- _What is expected_: Scanning the listing below, tally every line where the string "couple" shows up, then state the count alone.
——————
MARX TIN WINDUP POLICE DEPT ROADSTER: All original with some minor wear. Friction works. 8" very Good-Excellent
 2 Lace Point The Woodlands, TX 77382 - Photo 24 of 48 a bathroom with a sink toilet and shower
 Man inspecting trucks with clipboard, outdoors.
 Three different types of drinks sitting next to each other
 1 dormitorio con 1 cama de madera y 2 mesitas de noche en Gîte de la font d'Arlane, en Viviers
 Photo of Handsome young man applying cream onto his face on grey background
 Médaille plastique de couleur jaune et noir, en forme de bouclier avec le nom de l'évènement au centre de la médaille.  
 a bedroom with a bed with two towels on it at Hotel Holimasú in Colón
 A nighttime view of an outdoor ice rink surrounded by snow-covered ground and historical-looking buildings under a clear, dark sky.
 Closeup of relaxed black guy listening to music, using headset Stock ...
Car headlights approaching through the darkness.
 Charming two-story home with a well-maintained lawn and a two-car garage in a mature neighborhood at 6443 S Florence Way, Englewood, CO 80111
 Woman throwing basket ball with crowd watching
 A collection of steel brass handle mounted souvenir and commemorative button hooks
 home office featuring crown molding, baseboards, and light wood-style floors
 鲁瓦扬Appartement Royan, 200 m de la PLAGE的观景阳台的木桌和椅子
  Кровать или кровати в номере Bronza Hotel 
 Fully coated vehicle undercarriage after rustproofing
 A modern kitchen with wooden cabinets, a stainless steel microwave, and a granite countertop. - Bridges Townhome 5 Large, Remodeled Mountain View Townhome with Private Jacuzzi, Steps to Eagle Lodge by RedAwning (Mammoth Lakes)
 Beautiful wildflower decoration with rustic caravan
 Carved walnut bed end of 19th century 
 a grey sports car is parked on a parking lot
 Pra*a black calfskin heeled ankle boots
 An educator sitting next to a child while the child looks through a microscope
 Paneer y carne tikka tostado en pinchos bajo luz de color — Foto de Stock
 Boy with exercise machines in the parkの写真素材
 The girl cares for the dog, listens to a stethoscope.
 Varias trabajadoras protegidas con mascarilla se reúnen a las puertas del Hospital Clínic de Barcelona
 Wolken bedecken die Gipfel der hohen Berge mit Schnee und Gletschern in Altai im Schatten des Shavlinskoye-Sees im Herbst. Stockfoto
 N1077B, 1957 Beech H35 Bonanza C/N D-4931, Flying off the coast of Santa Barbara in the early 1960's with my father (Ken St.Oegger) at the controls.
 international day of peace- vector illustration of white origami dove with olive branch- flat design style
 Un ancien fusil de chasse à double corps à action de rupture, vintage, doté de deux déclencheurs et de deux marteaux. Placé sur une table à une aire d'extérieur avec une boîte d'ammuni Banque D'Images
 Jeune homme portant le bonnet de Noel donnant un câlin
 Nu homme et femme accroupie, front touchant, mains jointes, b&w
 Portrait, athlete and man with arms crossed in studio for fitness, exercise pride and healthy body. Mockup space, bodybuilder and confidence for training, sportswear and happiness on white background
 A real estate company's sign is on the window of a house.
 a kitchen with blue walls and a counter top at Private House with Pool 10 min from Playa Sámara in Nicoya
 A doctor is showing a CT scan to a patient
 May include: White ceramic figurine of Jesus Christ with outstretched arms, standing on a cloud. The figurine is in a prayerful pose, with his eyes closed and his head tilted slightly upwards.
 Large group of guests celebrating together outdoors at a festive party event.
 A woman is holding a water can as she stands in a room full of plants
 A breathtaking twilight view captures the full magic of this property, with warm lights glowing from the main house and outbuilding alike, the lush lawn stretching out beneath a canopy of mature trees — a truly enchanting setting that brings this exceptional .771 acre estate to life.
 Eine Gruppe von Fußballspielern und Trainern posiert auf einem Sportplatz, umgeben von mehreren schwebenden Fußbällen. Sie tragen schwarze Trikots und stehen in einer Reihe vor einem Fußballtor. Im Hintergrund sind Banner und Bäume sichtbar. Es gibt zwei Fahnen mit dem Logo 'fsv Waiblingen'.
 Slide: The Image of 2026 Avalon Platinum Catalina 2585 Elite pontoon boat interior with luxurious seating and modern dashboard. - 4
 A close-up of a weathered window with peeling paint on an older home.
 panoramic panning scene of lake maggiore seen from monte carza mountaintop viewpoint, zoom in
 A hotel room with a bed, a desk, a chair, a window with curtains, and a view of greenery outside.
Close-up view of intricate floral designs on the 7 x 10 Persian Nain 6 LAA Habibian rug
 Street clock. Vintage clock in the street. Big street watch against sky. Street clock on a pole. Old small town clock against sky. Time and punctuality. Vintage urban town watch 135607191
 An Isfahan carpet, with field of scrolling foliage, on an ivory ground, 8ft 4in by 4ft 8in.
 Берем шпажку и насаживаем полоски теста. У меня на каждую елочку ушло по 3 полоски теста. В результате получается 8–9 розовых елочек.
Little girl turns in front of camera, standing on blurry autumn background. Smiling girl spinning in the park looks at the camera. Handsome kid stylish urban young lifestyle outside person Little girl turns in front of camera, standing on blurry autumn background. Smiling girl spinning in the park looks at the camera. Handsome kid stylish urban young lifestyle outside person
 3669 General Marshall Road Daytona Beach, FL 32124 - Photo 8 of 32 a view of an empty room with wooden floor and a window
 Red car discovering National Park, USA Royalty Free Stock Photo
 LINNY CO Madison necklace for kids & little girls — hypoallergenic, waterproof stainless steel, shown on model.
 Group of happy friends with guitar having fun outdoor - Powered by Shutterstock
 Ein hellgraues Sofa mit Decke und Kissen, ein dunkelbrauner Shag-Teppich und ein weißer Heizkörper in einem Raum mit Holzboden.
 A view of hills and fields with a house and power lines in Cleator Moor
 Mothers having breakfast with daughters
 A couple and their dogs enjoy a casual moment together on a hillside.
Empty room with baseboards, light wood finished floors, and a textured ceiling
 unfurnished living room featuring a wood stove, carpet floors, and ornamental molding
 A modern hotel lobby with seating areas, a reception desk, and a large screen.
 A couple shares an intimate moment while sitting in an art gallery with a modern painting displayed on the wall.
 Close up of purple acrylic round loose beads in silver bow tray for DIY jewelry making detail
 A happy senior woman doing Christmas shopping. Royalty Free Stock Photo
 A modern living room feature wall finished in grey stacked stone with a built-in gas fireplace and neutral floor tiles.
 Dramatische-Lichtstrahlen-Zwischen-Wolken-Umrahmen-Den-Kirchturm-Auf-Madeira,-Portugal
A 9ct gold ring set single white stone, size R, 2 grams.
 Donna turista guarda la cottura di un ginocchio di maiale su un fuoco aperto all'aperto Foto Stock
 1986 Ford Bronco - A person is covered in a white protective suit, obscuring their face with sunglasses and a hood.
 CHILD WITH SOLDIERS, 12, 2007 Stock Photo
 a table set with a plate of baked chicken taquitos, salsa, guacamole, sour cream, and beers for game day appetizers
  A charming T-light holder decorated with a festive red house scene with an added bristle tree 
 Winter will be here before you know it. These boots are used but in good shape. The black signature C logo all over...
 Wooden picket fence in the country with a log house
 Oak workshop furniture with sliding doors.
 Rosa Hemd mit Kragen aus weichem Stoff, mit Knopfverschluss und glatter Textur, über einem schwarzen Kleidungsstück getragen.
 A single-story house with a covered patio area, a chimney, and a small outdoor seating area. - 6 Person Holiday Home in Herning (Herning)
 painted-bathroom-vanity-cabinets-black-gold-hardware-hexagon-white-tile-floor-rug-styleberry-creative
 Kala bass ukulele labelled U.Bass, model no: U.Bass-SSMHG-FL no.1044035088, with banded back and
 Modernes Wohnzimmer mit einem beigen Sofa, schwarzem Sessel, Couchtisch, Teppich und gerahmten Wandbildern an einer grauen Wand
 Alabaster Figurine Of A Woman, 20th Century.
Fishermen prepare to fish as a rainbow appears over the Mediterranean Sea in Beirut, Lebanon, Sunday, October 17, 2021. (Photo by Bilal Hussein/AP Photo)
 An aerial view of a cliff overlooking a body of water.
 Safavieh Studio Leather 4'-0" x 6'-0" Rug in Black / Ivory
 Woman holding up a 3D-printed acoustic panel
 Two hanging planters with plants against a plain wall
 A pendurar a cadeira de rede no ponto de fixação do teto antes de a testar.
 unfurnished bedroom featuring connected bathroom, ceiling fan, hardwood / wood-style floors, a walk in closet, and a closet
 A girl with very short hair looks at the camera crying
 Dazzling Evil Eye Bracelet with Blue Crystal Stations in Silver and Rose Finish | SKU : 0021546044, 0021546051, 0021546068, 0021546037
——————
- _Your solution_: 2